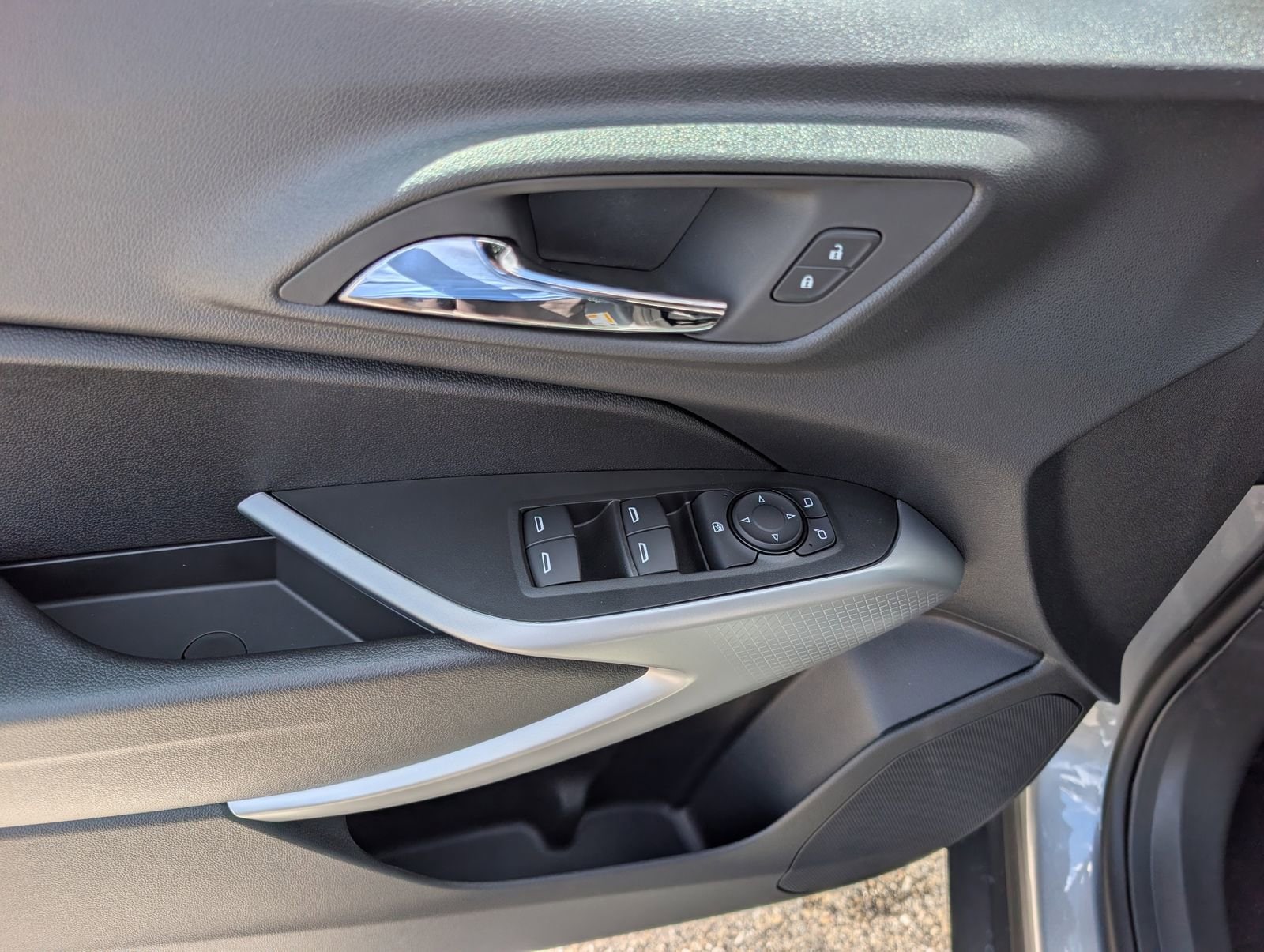 2026 Chevrolet Trax RS - Photo 15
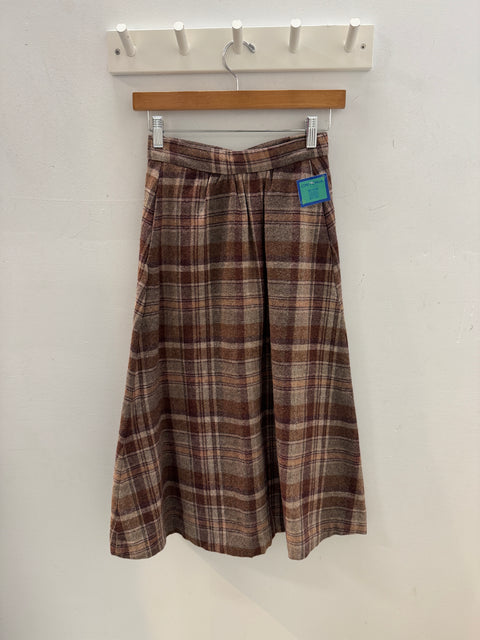 79s Brown Tan plaid skirt Size XS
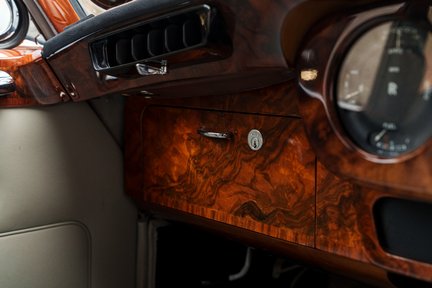 Rolls-Royce Silver Cloud III Restored 21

● ● ●

◆ **Problem to work on**
Without changing a word, retype the data above and omit its pictures.

◆ **Answer to the exercise**
 2026 Chevrolet Trax RS - Photo 15
 79s Brown Tan plaid skirt Size XS
 Rolls-Royce Silver Cloud III Restored 21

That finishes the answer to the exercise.